Recently, while researching the issue of generative design, I came across a short presentation on bionics by Bionics designer and MIT Professor Dr. Hugh Herr. The 8-minute talk was part of a keynote for Autodesk University 2015 on topics related to augmented cognition, generative design, additive manufacturing, etc. The things that people are able to do now with advanced CAD and other digital tools is remarkable. But when Dr. Herr took the stage to show a genuine, real-world example of human-robot collaboration, I was blown away by what I saw. When his talk was finished, I thought this was just the kind of thing that should be featured on TED. Sure enough, Dr. Herr had already spoken on the subject at TED in 2014. Watch the talk below or on Youtube.

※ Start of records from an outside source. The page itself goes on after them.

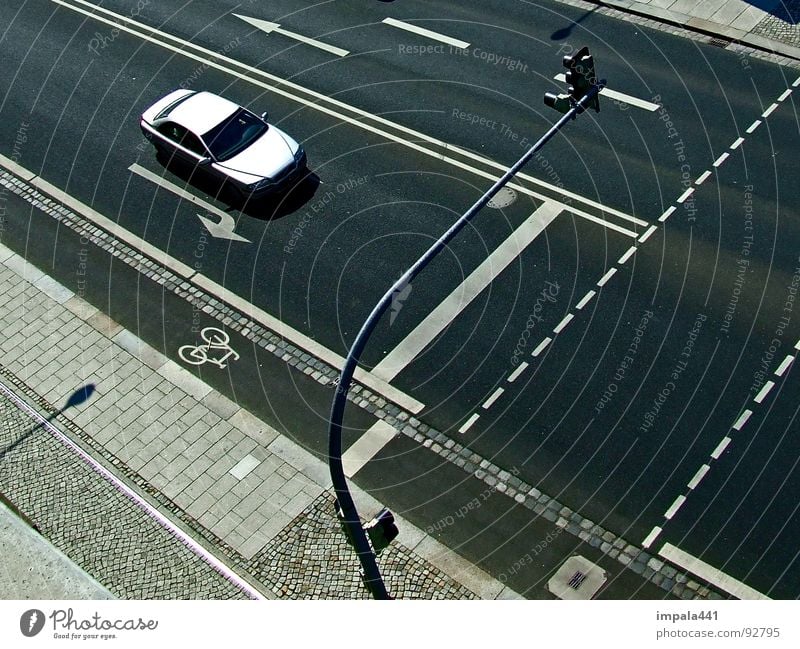 geradeaus Fahrradweg Ampel schwarz weiß Linie fahren abstrakt Fußgänger Verkehrswege Dresden PKW Pfeil staße siber volvo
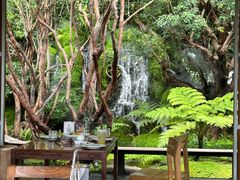-Chom Cafe and Restaurant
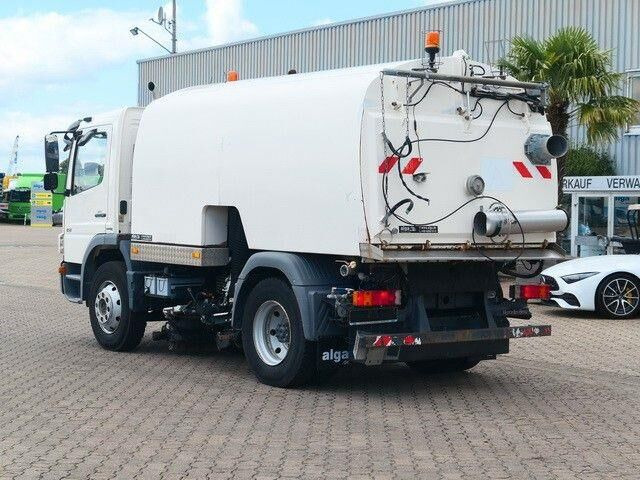 Mercedes-Benz 1518 LKO Atego 4x2, Kobit-Aufbau, 8m³,Wassertank - Kehrmaschine: das Bild 5 Mercedes-Benz 1518 LKO Atego 4x2, Kobit-Aufbau, 8m³,Wassertank - Kehrmaschine: das Bild 5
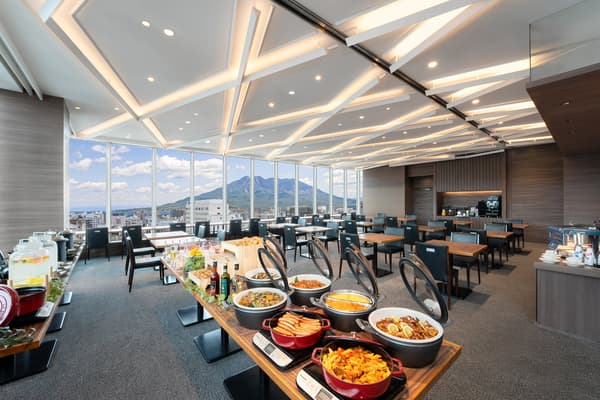 BLUE KITCHEN restaurant with views of Sakurajima and Kinkowan Bay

Dr. Herr's journey began in 1982 when both of his legs were amputated due to tissue damage from frostbite he incurred during a mountain-climbing accident. Doctors thought he'd never climb again. Herr aimed to prove them wrong. "At that time, I didn't view my body as broken," he says. "I reasoned that a human being can never be 'broken.' Technology is broken. Technology is inadequate. This simple but powerful idea was a call to arms, to advance technology for the elimination of my own disability, and ultimately, the disability of others." Herr shared his own story to make a larger point:
"Every person should have the right to live life without disability if they so choose -- the right to live life without severe depression; the right to see a loved one, in the case of seeing-impaired; or the right to walk or to dance, in the case of limb paralysis or limb amputation. As a society, we can achieve these human rights, if we accept the proposition that humans are not disabled. A person can never be broken. Our built environment, our technologies are broken and disabled. We the people need not accept our limitations, but can transcend disability through technological innovation. Indeed, through fundamental advances in bionics in this century, we will set the technological foundation for an enhanced human experience, and we will end disability."
This is such a great example of the power of the visual to amplify the narrative. If we think of story as the struggle to overcome an obstacle, we can see how this kind of application of technology really lends itself to storytelling. The technology behind the solution and all the information, facts, and data are obviously important. Correct information & data are crucial. But people remember most the stories they hear…and see. Therefore, we have an obligation to make certain those stories are authentic, honest, and true. Dr. Herr’s story has all of that. It’s not about being slick or perfect on stage, it’s much more important to be real and to show and tell your story from the heart while at the same time supporting the narrative with a logical framework.